Innovation is often the result of intense research by brainiac scientists with multiple higher-ed degrees.
At IBM Research, there are eight labs over over the world, including one in Israel and three in the US.
Yet, the most interesting projects are taking place "in the field" where the 100-year-old company is analyzing river deposits, speeding up financial transactions, and figuring out how to manage wind power usage.
These projects are excellent examples of how computer technology is intersecting with the physical world, instead of just bits and bytes on a computer screen somewhere, stuffed away in a dark lab.
"Data is exploding all over the planet, so we are finding new ways for IT systems to be more physical," says Robert Morris, the VP of Services Research at IBM. "There is so much data being derived from many different means, such as physical sensors, and there are new intriguing ways to put them all together. There is a new technology needed – what is called perpetual analytics – looking for new trends and making decisions."
1. TD Bank stock market analysis
The stock markets are fluctuating faster than any analyst could possibly comprehend. Yet, these real-time changes are difficult even for modern computers to analyse. IBM is working with TD Bank in Toronto to analyse data using "stream computing" techniques that consist of complex algorithms. These can read data on-the-fly and help analysts make decisions about the data, even as the inputs change.
"We are researching the ability to process data from a huge number of sources, so this project is using stream computing and the Blue Gene supercomputer," says Morris. "We are able to get a 21x speed-up than any other system. The messages and sensors in the financial systems are increasing at more than 50 per cent each year – faster than doubling every two years – so something new is needed to analyse this data."
"The goal of any automated trading system is to reduce the time between the receipt of market data messages and the decision, achieving a very low latency while processing extreme amounts of data," adds Nagui Halim, chief scientist of the Stream Computing Project at IBM.
"The more messages a system can process, the more decisions can be made, hence, the more valuable the system. In order to achieve the breakthrough, the IBM team took one minute of recorded financial exchange data from the TD Bank network and played it back into the newly developed Stream-Blue Gene system, incrementally increasing the speed at which the data was sent."
2. Beacon Institute/Hudson River data project
One of the challenges researchers face when analyzing real-time data is that the storage requirements increase dramatically. For example, one research lab might support a petabyte of data storage for all experiments, but a project analyzing real-time data from sensors might capture a petabyte of data every minute.
With the The Beacon Institute in New York, IBM is analysing the Hudson River using thousands of sensors that monitor river flow, wind conditions, and temperatures.
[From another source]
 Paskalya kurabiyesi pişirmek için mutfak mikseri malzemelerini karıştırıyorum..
The project is unique in that this kind of research usually replies on historical data to build plume models (how a toxin in a river will spread, for example), but the IBM system reads the data, merges it into data sets, and then allows researchers to make decisions about the river.
"We're detecting anomalies in the river system with thousands of sensors that can monitor an accidental spill or a toxic flow," says Morris. "It is critical to detect that the fluid is spreading and now toxic – it's very important to put it in context. We believe that is the future of data analysis."
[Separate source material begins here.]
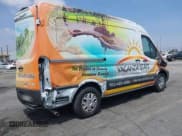 ✅ 2020 Ford Transit Cargo • VIN: 1FTYE1C89LKB18309 • Lot: 42086954. Wystawiony na IAAI z przebiegiem 44 937 mil. Bezpłatny archiwum sprzedaży aukcyjnych z USA i szczegółowy raport historii pojazdu na DreamBid. Zdjęcie 4.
3. Mars and cocoa genome sequencing
The Mars bar and genome sequencing are usually not uttered in the same sentence. Yet, IBM Research – along with Mars and the United States Department of Agriculture – is developing a genetic map of the cocoa genome.
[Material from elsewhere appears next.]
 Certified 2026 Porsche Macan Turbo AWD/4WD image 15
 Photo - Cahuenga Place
The goal of the project is to learn more about cocoa as a way to assist farmers in planting cocoa in Africa, where 70 per cent of the cocoa used in candy bars is produced. The idea is to yield more from each cocoa plant and then have a lesser impact on the environment in the region. The research will be released to the public for aiding in cocoa farming around the world. The project will take about five years and involves computational biology and genetic mapping at both the IBM Research facility in New York at at the USDA.
4. EDISON electric car project
In the city of the future, electric cars will will finally become a reality – especially if start-ups such as Tesla Motors become successful. Yet, the computational dilemma is that, if everyone is driving electric cars, we will consume too much power and force coal plants to work over-time.
The EDISON project, a joint effort between IBM and the largest energy utility in Denmark, plus several key partners, are developing a way to link wind-power energy generation with electric car power usage over a smart grid. (EDISON stands for Electric Vehicles in a Distributed and Integrated Market using Sustainable Energy and Open Networks.) The pilot will take place on an island in Denmark that is unique in that wind power is a primary part of the power infrastructure for the 40,000 residents.
The project is important because electric cars and hybrid consume energy at varying levels, so the smart grid will monitor usage in real-time and help allocate energy from the wind stations. "It's necessary to think holistically about electric vehicles and how they are connected with sustainable energy," says Morris.